PROMPT: Starting with the line that contains "CKLAKART's Antique Gold" and stopping after the line that contains "SILK TAFFETA AND CHIFFON DRESS IN GOLD", copy the entries below exactly. Include nothing else.

'''

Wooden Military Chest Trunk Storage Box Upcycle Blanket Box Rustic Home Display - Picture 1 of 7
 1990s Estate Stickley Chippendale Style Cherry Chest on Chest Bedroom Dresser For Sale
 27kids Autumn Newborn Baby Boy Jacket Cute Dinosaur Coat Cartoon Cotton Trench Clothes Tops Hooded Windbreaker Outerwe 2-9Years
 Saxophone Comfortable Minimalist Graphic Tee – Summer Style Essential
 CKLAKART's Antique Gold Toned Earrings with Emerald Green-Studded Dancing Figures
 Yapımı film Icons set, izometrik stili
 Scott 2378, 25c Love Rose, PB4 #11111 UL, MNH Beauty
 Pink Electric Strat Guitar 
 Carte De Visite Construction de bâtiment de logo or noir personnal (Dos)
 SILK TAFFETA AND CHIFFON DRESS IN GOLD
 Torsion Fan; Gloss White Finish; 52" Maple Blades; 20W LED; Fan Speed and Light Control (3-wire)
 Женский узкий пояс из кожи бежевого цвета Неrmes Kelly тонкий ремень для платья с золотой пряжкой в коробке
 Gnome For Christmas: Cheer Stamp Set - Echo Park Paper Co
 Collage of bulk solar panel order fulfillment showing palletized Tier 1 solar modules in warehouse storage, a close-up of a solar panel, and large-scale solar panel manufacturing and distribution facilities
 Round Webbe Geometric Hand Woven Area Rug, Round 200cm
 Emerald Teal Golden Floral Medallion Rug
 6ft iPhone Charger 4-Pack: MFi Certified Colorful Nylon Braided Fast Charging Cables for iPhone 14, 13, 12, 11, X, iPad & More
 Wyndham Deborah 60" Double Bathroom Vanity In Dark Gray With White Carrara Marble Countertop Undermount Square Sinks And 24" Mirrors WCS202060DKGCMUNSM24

'''

ANSWER BOX:
 CKLAKART's Antique Gold Toned Earrings with Emerald Green-Studded Dancing Figures
 Yapımı film Icons set, izometrik stili
 Scott 2378, 25c Love Rose, PB4 #11111 UL, MNH Beauty
 Pink Electric Strat Guitar 
 Carte De Visite Construction de bâtiment de logo or noir personnal (Dos)
 SILK TAFFETA AND CHIFFON DRESS IN GOLD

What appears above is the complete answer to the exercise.